Kolejnym, już trochę bardziej zaawansowanym sposobem, biorąc pod uwagę technikalia i stworzenie strony internetowej, która robi coś więcej, niż tylko pokazuje Twoje prace i edukuje o Twojej ofercie, jest system automatyki mailowej, w którą wpleciony jest produkt. Pierwszym etapem jest zbudowanie listy mailowej poprzez dołączanie kolejnych potencjalnych klientów. Później zapisane osoby otrzymują wiadomości napisane dużo wcześniej, które są wysyłane zgodnie z zaplanowanym harmonogramem. Już w drugim bądź trzecim mailu pojawia się specjalna oferta na miniprodukt. Taki mini produkt nie powinien wymagać bardzo dużo pracy. Nie chodzi o to, żebyś stała się kreatorką cyfrowych narzędzi i produktów online’owych. Ten miniprodukt może być trochę większy niż typowy lead magnet. Poprzez lead magnet chcesz klienta zachęcić do zapisu, ale w tej ścieżce możesz rozszerzyć tematykę lead magnetu i dać więcej informacji za niedużą opłatą, tak żeby ten obserwator skonwertował się na klienta. Podświadomie u tej osoby również zajdzie  przedstawienie klapki w głowie: OK, u tej marki nie jestem już tylko biernym obserwatorem, ale faktycznie jestem klientem. To pozwala kreować budżet ze sprzedaży tego konkretnego produktu. Dodatkowo należy pamiętać, że zmiana obserwatora w klienta ma bardzo duży potencjał, bo ta osoba, już jest w naszej bazie. Mamy do niej kontakt i kiedy w przyszłości będziemy tworzyć kolejne produkty lub rozszerzać zakres naszych usług możemy w łatwy sposób skontaktować się z tą osobą, a ona być może skorzysta z naszych usług. Być może ciężko na ten moment policzyć, ile jest warty taki jeden zaangażowany adres mailowy, ale na pewno ma potencjał, który możemy w przyszłości wykorzystać. 

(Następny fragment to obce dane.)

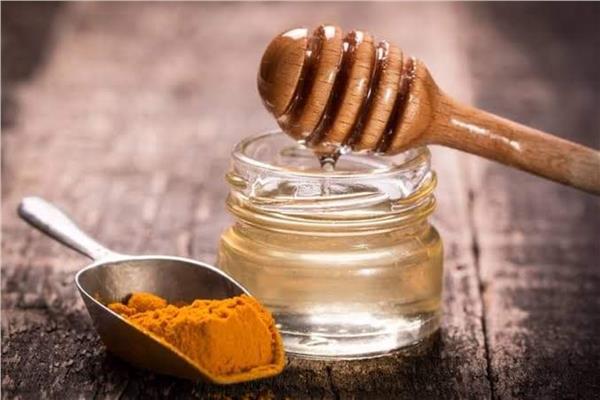تخلصِ من آثار حروق المطبخ بالعسل والكركم | بوابة أخبار اليوم الإلكترونية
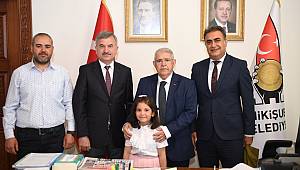 Başkan Mahçiçek Koltuğunu Minik Elif’e Devretti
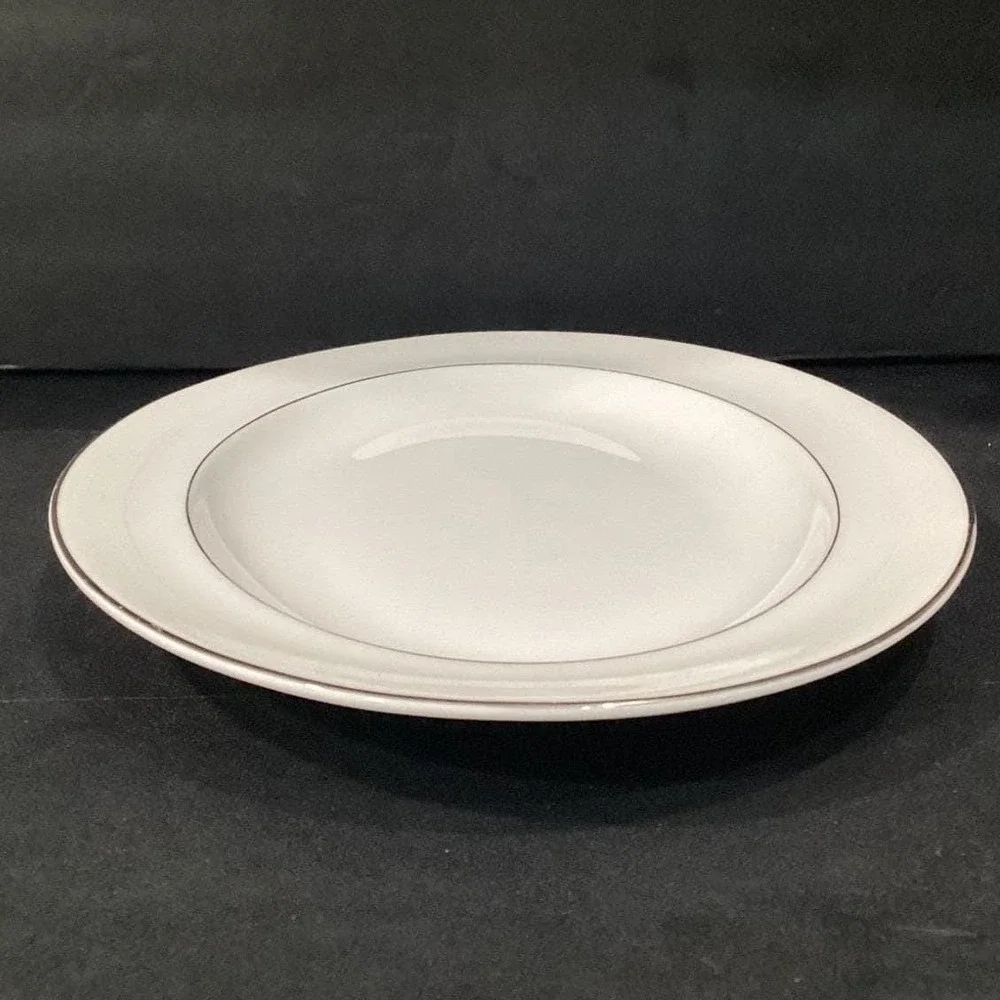 Royal Doulton Amulet Oval Serving Platter, White Floral Bone‎ China Tableware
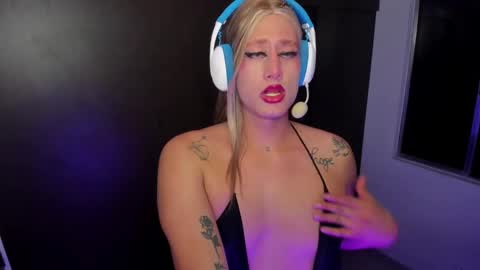 Snapshot of monojuan06 chatting on 02.01.25 veronika ind online show from 02.01.25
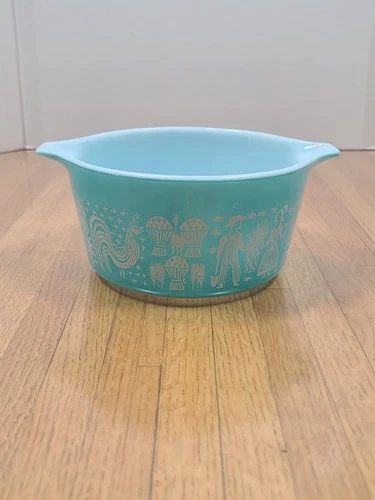 Vintage PYREX Amish Butterprint Casserole Dish 1 Qt. #473  Turquoise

Możemy także wejść na kolejny poziom i oferować naszym klientom produkty cyfrowe, które mogą sprzedawać się zupełnie bez naszej obecności. Możemy zrobić produkty jak e-booki, kursy online, webinary, warsztaty czy gotowe projekty graficzne, które klient po zakupie może pobrać do swojej Canvy i zacząć na nich działać. To produkty, które po ich stworzeniu klient pobiera i nie wymagają już naszego zaangażowania i ingerencji. 

Sposobów na generowanie przychodu z materiałów cyfrowych jest sporo, jednak należy pamiętać, że to nie jest aż takie proste i piękne jak się wydaje. Praca w biznesie pasywnym niestety ma niewiele wspólnego z pasywnością, dlatego warto rozważyć, gdzie przekierować energię, czy przeznaczyć ją w sezonie ogórkowym na budowanie i tworzenie nowego produktu cyfrowego i później jego marketing, czy bardziej opłaca Ci się dopracować lejek sprzedażowy, którzy sprawi, że tuż po powrocie z wakacji tłum klientów będzie czekał, aż zajmiesz się ich zleceniem.